Bizarre or trending subjects, catch a break with our curiosity of the week. The French artist Stéphane Guillaume never ceases to question, distort and reconstruct reality. Through his series Décorum, Retouche, Ici, or Looking for Bacon, he offers a fascinating reflection on the tangible and the intangible.
“Information should provide a stable understanding of the world and constitute progress. But our hyper-information society disturbs my perception of reality,” says Stéphane Guillaume. After teaching art, he returned to the medium a few years ago. Since then, he has “flittered from one project to another without worrying too much about the apparent coherence of the whole – by refusing to dig the same furrow, and for the pleasure of exploration”.
His leitmotiv? To question and rewrite reality. It is with his Decorum series, that he started his reflection on the notion of intervention. “At the time, I was directly modifying reality. I was trying to bring out a parallel reality that could play with the unconscious,” recalls the artist. He continued to rewrite reality in his subsequent series Retouche, Ici, and Looking for Bacon. “Capturing reality fascinates me, but I am interested in its derealization. I like the tension between the specular dimension and strangeness”, adds Stéphane Guillaume. So he transforms and remodels scenes from his life, or faces by adding forms – masks that have become visual intrusions. In Looking for Bacon, for instance, he photographed televised debates and deconstructed figures whose “voice are supposed to make sense”.

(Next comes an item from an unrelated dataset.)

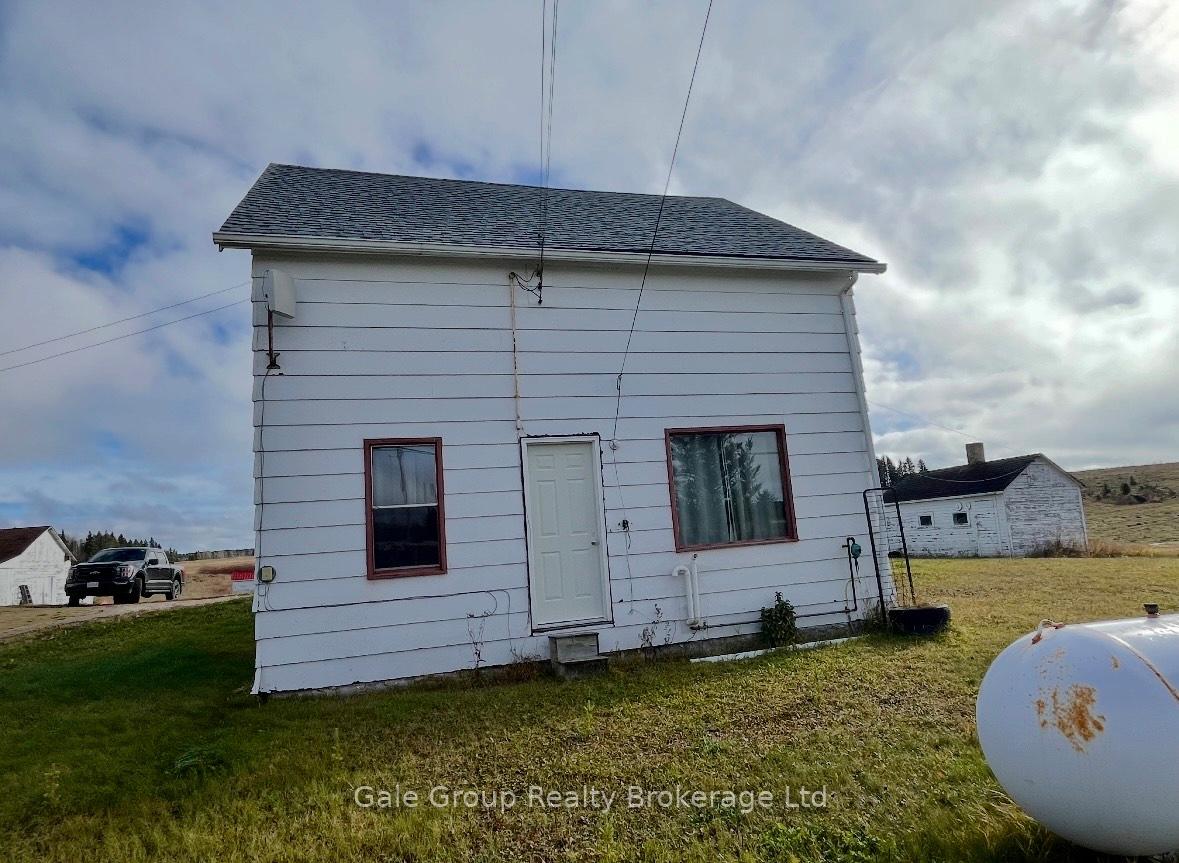 Photo 5 of 2541 Highway 105, Kenora — HOMEH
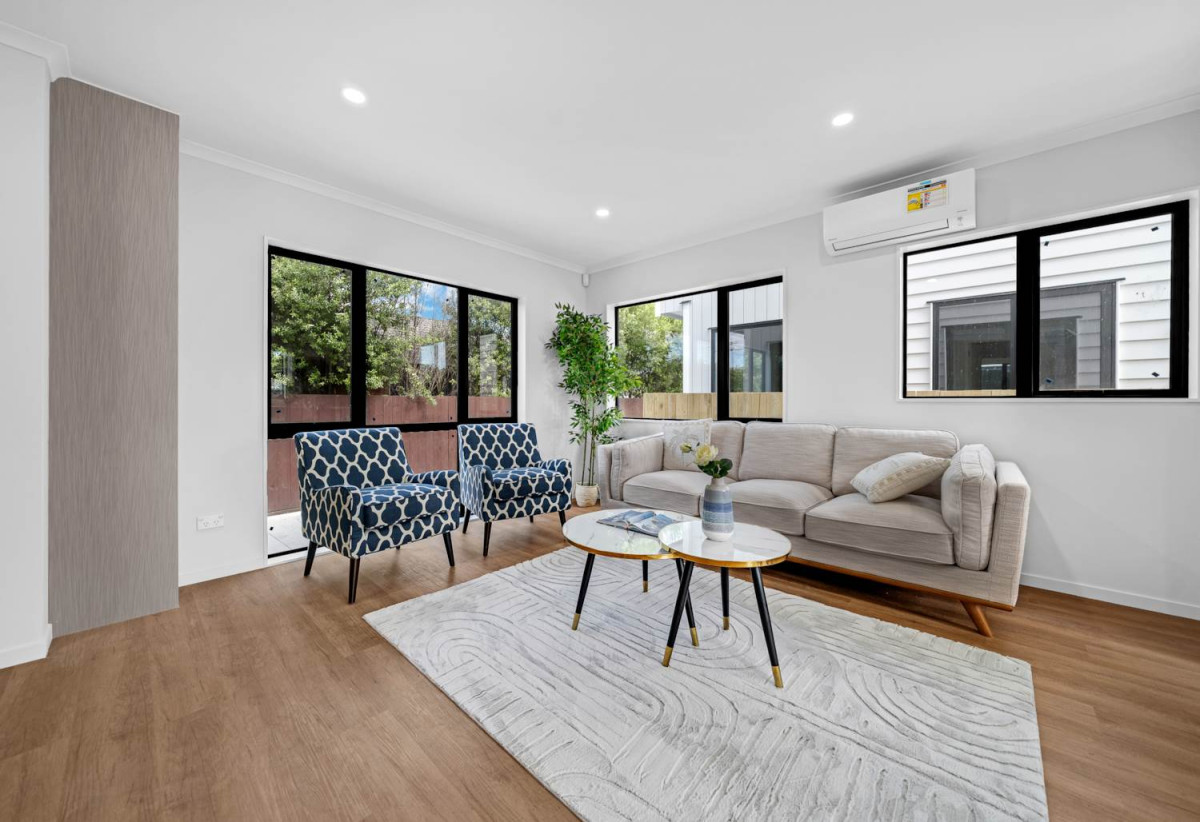 Brandnew standalone 4 beds 2.5 baths home with garage, close to Papakura Town Centre, local schools, parks, and easy motorway access, 0.3 km to Cosgrove School, 1.4 km to Papakura High School, 1.6 km to Papakura Intermediate, Lot 1/174B Clevedon Road, Papakura, Auckland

“Every photograph is a fiction that pretends to be true”, El beso de Judas: fotografía y verdad, Joan Fontcuberta.
“Does the perception of reality have more power over us than reality itself? The artist questions himself and opens up an infinite space for thought. We live in a world where reality is presented to us transformed, filtered. It eludes us. Shouldn’t we be wary of the apparent proximity of photography to it?”. As René Magritte did, he questions the notion of representation in an image. And like Francis Bacon, he disfigures, dislocates surfaces, faces, and ultimately humanity. However disconcerting and even violent, his images captivate. “To change reality is to create insecurity, something uncomfortable. It is perhaps a way of questioning the assurance and confidence we want to find in the tangible,” he explains. Loss of meaning, redefinition of our identities or the disappearance of the human being? Stéphane Guillaume’s images offer multiple interpretations and perspectives.